**Your task:**
Nothing outside the lines below from the one containing "Thank you for" through the one containing "Constable Kevin Lee" is to be printed; print those exactly, ends included, and drop the pictures.

**Provided entries:**
__________________________________________________

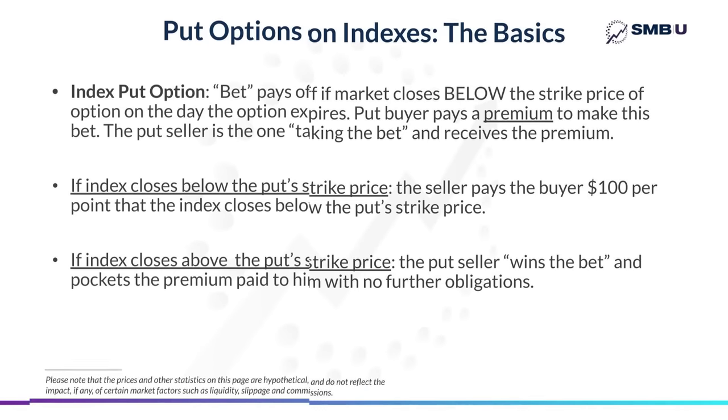In order to explain this particular option strategy that you can use when an index appears to be ready to roll over, we need to make sure that everyone watching understands how put options on indexes work. So we're going to do a quick review of them and then jump right back into the details of the strategy. The best way to understand a put option on an index is to think of it as a bet. Put options pay off if an index closes below what's known as the strike price of the option on the day that the option expires. If the index does close below that price on expiration day, the put buyer gets $100 per point that the market closes below that put strike price. If the index closes above the put strike price, the option expires worthless and the put option seller just pockets the premium with no further obligations.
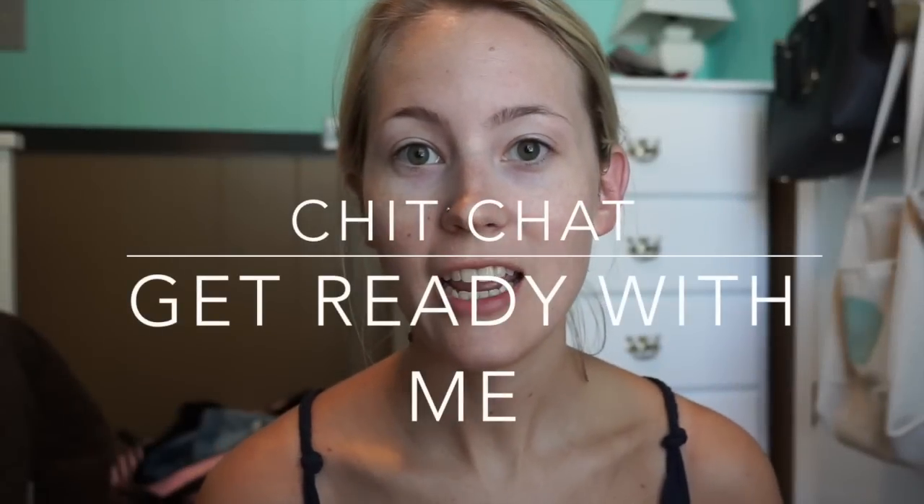Hi y'all! So today I wanted to do a get ready with me. I am at the beach right now, that's why there's all of this craziness behind me. But I'm high maintenance and I get my hair done at the beach, so that's what we're doing today. I haven't had makeup on all week — I've been here since Friday — but I was going to put on a little bit of makeup so I can go to the hairdresser. I always like to see my new haircut and hair color with makeup.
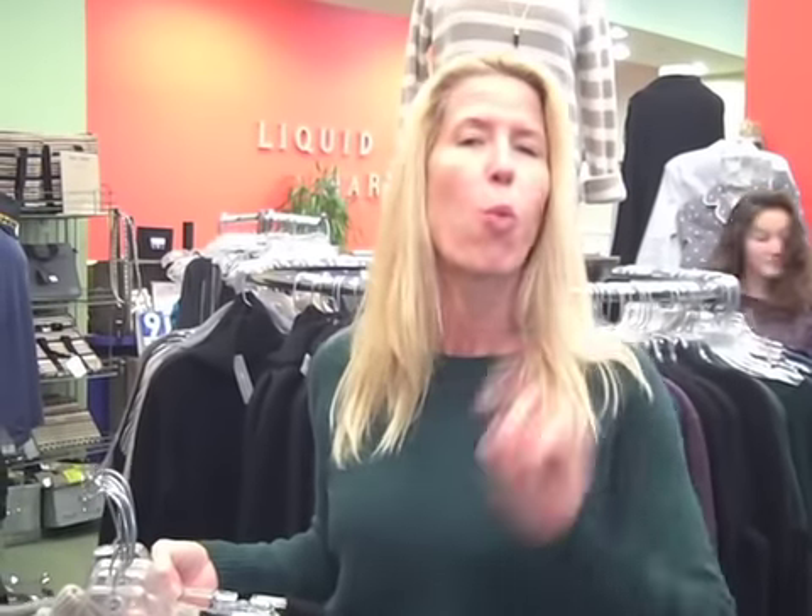Hey everyone, it's Shana with Liquid Marin. Do we have some wonderful things happening here. Not only do we have all of those wonderful new arrivals from all those designers, clearance sales still happening. We're going to continue with some of those flash sales, and we're going to do a one-day flash sale.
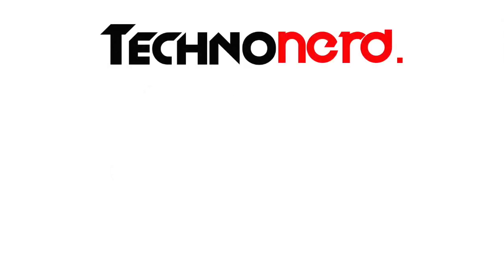Thank you for liking and commenting on this video, and please don't forget to subscribe. Thank you.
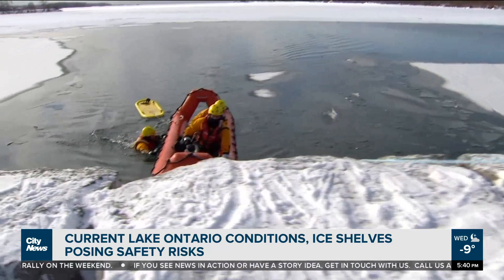Constable Kevin Lee echoing concerns about the current conditions: within the City of Toronto, it's even less likely to be able to guarantee safe ice because there's warm water outflows underneath the ice, deteriorating it from the bottom up.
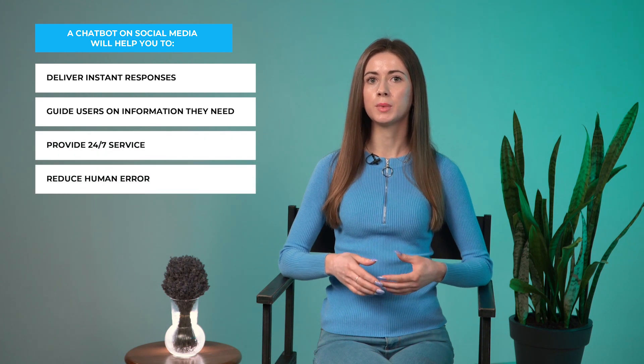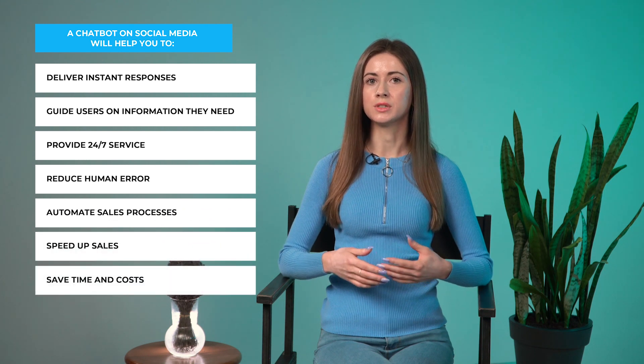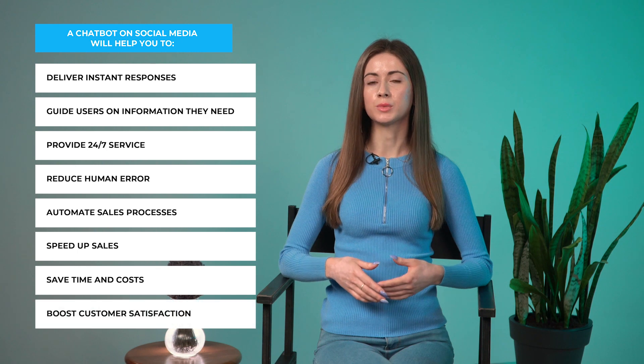The logic flows from statistics. According to Sprout Social, 91% of consumers will visit a website after following a brand on social media. A chatbot on social media will help you deliver instant responses, guide users on the information they need, provide 24/7 service, reduce human error, automate sales processes, speed up sales, save time and costs, and boost customer satisfaction. Let's talk about ways to use chatbots to increase conversions on social media.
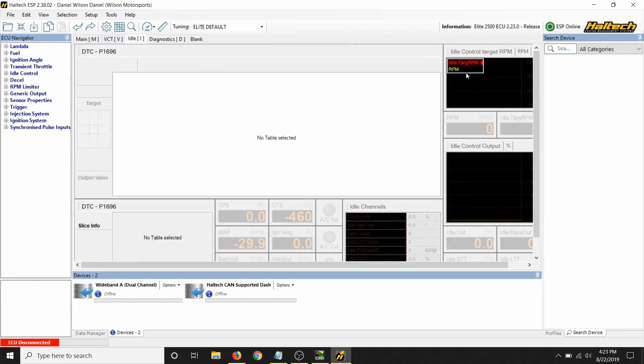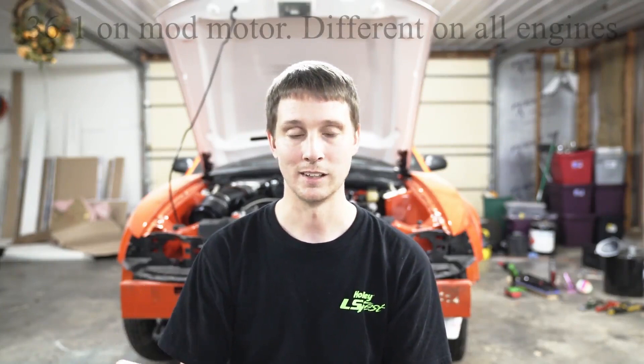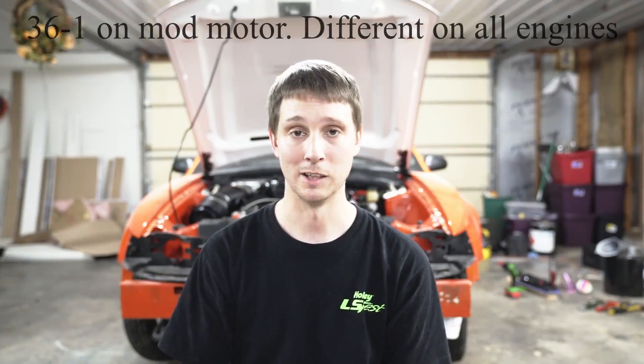They also have a diagnostics page. If you're having problems and can't figure out why, the diagnostic page lists everything you'd need to diagnose the issue. My favorite thing is that you can see the trigger error count — basically, as your crank is spinning with a trigger wheel and sensor, it'll tell you when it misses a trigger point. It'll flag that you've got a problem and didn't fire on that cylinder because the trigger point was missed.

__________________________________________________

**Solution for this task:**
Thank you for liking and commenting on this video, and please don't forget to subscribe. Thank you.
Constable Kevin Lee echoing concerns about the current conditions: within the City of Toronto, it's even less likely to be able to guarantee safe ice because there's warm water outflows underneath the ice, deteriorating it from the bottom up.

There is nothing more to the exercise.